# Problem to work on:
Two lines in the listing below mark the span: one contains "Raccoon Diner T-Shirt" and one contains "Crew loading residential". Reproduce both of them and everything between, exactly.

# Dataset records:
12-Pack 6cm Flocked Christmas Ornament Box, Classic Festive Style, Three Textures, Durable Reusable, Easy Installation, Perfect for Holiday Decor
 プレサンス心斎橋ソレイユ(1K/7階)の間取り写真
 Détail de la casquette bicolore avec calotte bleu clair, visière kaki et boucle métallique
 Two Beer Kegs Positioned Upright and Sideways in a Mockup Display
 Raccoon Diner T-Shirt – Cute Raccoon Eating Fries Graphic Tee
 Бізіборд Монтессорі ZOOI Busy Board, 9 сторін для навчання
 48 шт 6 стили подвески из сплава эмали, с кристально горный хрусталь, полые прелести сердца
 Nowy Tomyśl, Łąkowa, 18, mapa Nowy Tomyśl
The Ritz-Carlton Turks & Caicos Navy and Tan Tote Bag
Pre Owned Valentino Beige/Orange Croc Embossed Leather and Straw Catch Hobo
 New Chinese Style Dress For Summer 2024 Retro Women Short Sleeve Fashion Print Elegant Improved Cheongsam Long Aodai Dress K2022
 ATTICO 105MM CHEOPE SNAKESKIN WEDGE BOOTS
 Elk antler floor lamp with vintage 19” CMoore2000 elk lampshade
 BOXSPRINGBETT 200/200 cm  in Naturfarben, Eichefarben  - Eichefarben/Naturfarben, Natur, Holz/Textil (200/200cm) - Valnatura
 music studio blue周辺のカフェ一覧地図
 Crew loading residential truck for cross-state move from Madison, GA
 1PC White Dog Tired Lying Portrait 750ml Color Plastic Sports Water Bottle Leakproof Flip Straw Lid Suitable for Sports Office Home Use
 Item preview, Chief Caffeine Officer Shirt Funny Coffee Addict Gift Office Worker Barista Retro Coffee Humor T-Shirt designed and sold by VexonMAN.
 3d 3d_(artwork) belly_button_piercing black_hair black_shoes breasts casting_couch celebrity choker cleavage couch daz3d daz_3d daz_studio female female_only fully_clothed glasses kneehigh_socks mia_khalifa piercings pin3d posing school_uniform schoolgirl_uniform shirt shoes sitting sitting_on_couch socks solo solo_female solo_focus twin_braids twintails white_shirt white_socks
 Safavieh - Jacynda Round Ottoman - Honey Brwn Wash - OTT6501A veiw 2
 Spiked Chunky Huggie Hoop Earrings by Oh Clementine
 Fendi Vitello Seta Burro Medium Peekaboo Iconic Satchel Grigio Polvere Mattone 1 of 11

# Solution for this exercise:
 Raccoon Diner T-Shirt – Cute Raccoon Eating Fries Graphic Tee
 Бізіборд Монтессорі ZOOI Busy Board, 9 сторін для навчання
 48 шт 6 стили подвески из сплава эмали, с кристально горный хрусталь, полые прелести сердца
 Nowy Tomyśl, Łąkowa, 18, mapa Nowy Tomyśl
The Ritz-Carlton Turks & Caicos Navy and Tan Tote Bag
Pre Owned Valentino Beige/Orange Croc Embossed Leather and Straw Catch Hobo
 New Chinese Style Dress For Summer 2024 Retro Women Short Sleeve Fashion Print Elegant Improved Cheongsam Long Aodai Dress K2022
 ATTICO 105MM CHEOPE SNAKESKIN WEDGE BOOTS
 Elk antler floor lamp with vintage 19” CMoore2000 elk lampshade
 BOXSPRINGBETT 200/200 cm  in Naturfarben, Eichefarben  - Eichefarben/Naturfarben, Natur, Holz/Textil (200/200cm) - Valnatura
 music studio blue周辺のカフェ一覧地図
 Crew loading residential truck for cross-state move from Madison, GA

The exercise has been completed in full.